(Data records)
▽
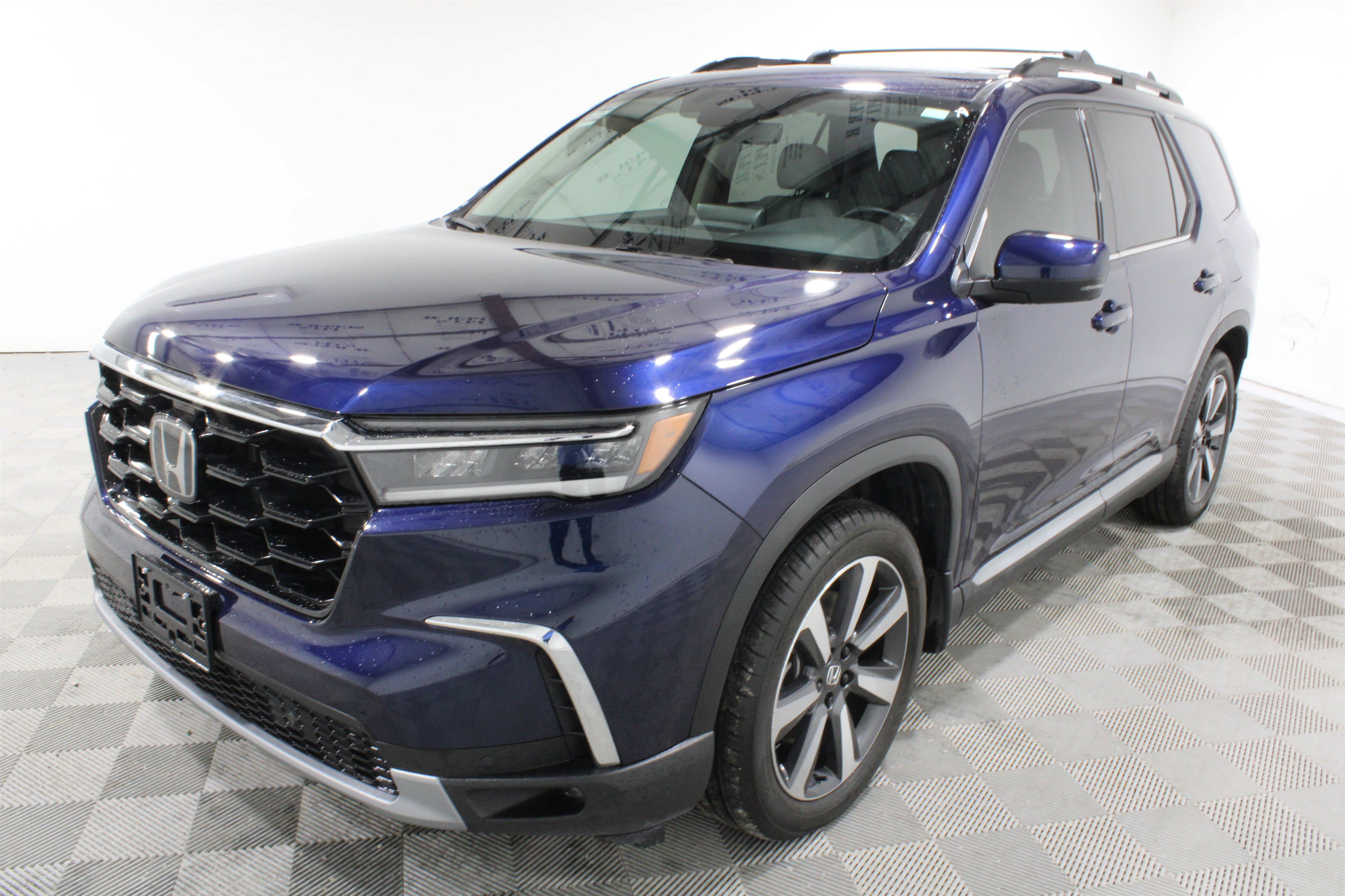 Used 2025 Honda Pilot Touring image 34
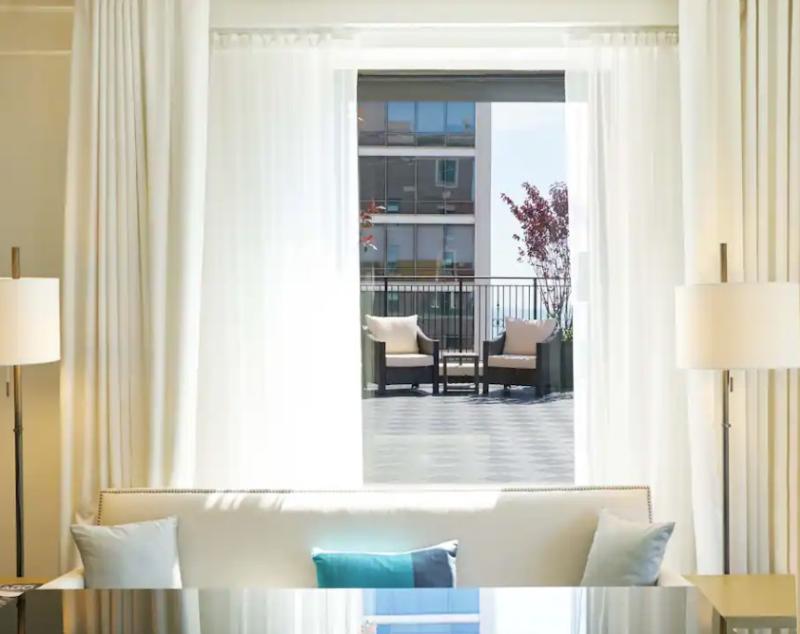 Stay in style at The Chicago Hotel Collection Ambassador Gold Coast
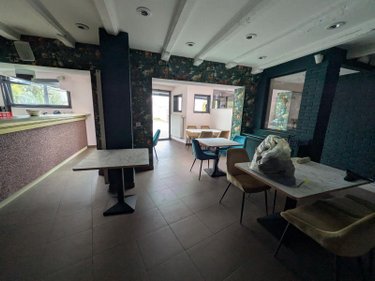 Fonds et murs commerciaux a vendre Bergues 59380 Nord  362000 euros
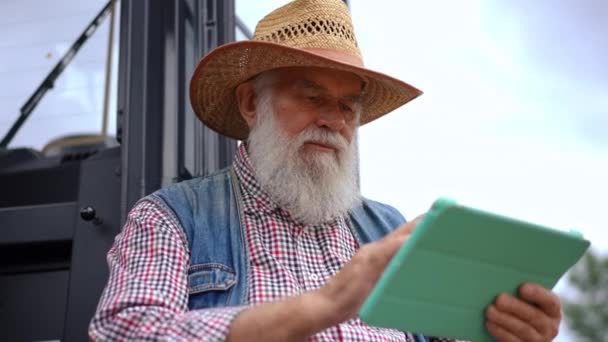 Portrét Koncentrovaného Staršího Bělošského Farmáře Traktoru Jak Posouvá Digitální Tabletu — Stock video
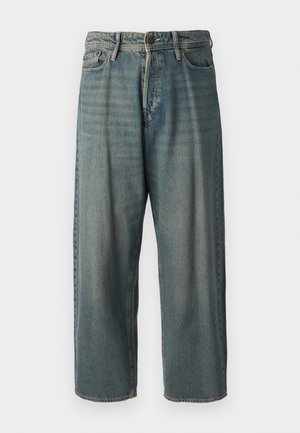 Jeans en denim bleu clair avec une coupe ample, taille mi-haute et jambes droites. Comprend cinq poches, des passants de ceinture et une fermeture à bouton.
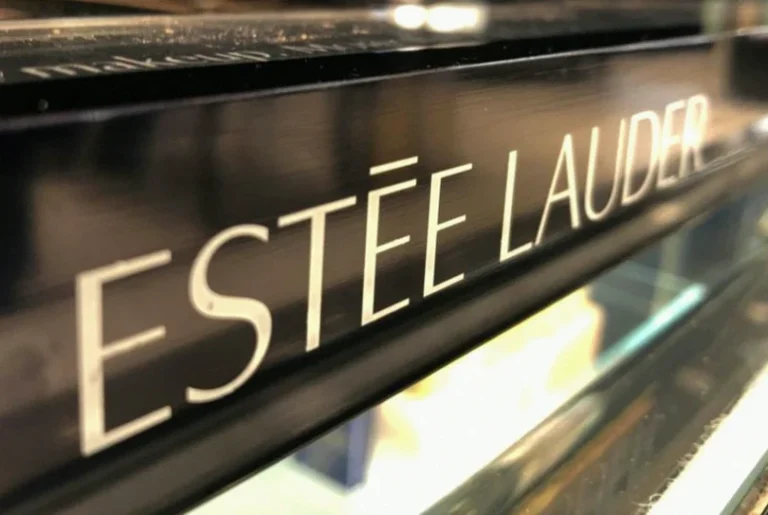 est-lauder-shares-fall-premarket-04db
△
- Problem statement -
Please copy out the entries above exactly as they appear, but skip their images.

- Answer below -
 Used 2025 Honda Pilot Touring image 34
 Stay in style at The Chicago Hotel Collection Ambassador Gold Coast
 Fonds et murs commerciaux a vendre Bergues 59380 Nord  362000 euros
 Portrét Koncentrovaného Staršího Bělošského Farmáře Traktoru Jak Posouvá Digitální Tabletu — Stock video
 Jeans en denim bleu clair avec une coupe ample, taille mi-haute et jambes droites. Comprend cinq poches, des passants de ceinture et une fermeture à bouton.
 est-lauder-shares-fall-premarket-04db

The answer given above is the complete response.